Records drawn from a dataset
+++

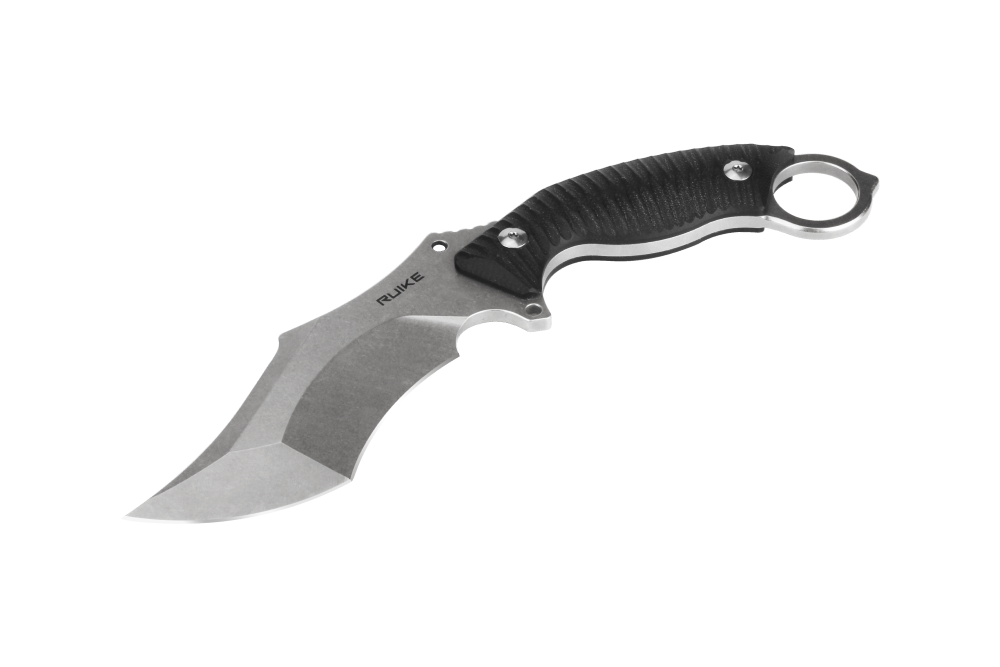 Нож Ruike F181-B - фото 6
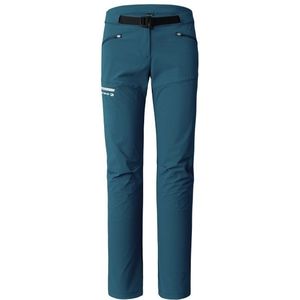 Martini Womens Sunrise Pants Trekkingbroek (Dames |blauw)
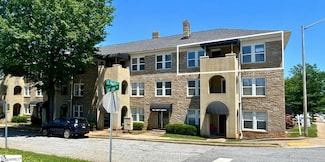 801 E North St Unit 9, Greenville, SC 29601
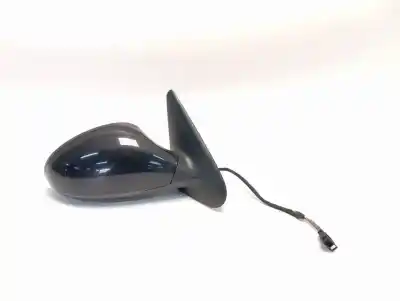 Peça sobressalente para automóvel em segunda mão espelho retrovisor direito por seat leon (1m1) signo referências oem iam 1m1857508j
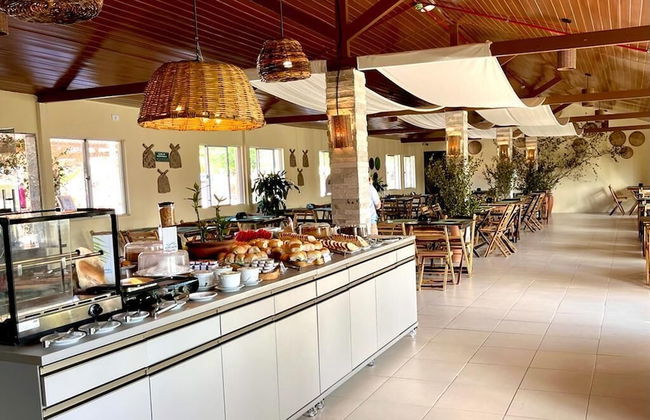 Hotel Arena Carneiros By AFT - Foto 68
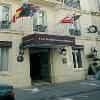Cervantes Hotel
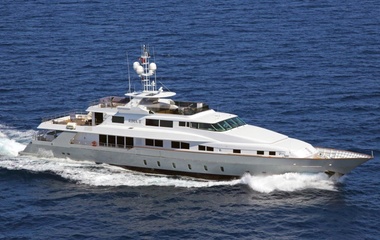 Benetti Ego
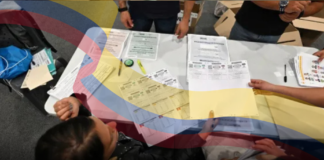 Colombia: del voto cada cuatro años a la construcción del poder popular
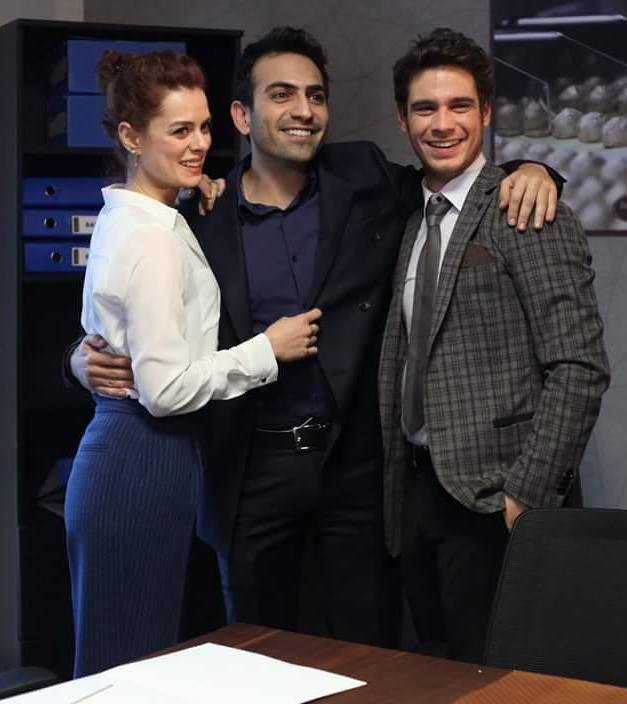 Bugra Gulsoy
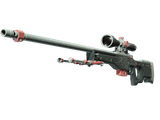 Artwork for [MW] AWP | Capillary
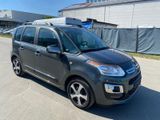 Citroën C3 Picasso - Citroën C3 Picasso aus 2016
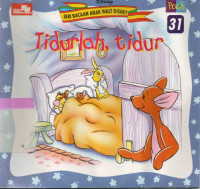 Tidurlah, Tidur
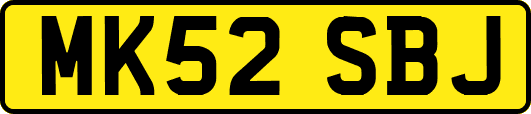 MK52SBJ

+++

▶ [Assignment]:
From the line with "801 E North St Unit 9, Greenville, SC 29601" down to the final line of the entries above, repeat each line exactly; omit the pictures.

▶ [Reply to the exercise]:
 801 E North St Unit 9, Greenville, SC 29601
 Peça sobressalente para automóvel em segunda mão espelho retrovisor direito por seat leon (1m1) signo referências oem iam 1m1857508j
 Hotel Arena Carneiros By AFT - Foto 68
Cervantes Hotel
 Benetti Ego
 Colombia: del voto cada cuatro años a la construcción del poder popular
 Bugra Gulsoy
 Artwork for [MW] AWP | Capillary
 Citroën C3 Picasso - Citroën C3 Picasso aus 2016
 Tidurlah, Tidur
 MK52SBJ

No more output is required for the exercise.